Supplied material –
----
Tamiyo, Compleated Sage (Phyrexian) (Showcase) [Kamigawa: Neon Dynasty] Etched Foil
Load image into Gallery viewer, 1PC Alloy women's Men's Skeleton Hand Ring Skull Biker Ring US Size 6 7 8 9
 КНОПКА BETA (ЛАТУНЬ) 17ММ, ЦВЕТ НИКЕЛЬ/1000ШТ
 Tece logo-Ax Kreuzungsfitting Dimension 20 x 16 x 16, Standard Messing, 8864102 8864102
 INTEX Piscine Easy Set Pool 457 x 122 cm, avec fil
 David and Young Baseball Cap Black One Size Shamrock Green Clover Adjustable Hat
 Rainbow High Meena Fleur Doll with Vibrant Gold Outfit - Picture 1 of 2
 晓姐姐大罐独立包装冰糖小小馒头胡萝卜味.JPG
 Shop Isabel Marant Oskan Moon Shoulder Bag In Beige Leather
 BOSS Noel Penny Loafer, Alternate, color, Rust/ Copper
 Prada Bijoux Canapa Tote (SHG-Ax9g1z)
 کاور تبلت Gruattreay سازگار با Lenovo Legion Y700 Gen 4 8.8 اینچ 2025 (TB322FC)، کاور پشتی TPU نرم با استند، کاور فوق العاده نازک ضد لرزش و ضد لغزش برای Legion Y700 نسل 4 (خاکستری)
----
What is wanted is a copy of every line in the listing that includes the word "Size".

The answer –
Load image into Gallery viewer, 1PC Alloy women's Men's Skeleton Hand Ring Skull Biker Ring US Size 6 7 8 9
 David and Young Baseball Cap Black One Size Shamrock Green Clover Adjustable Hat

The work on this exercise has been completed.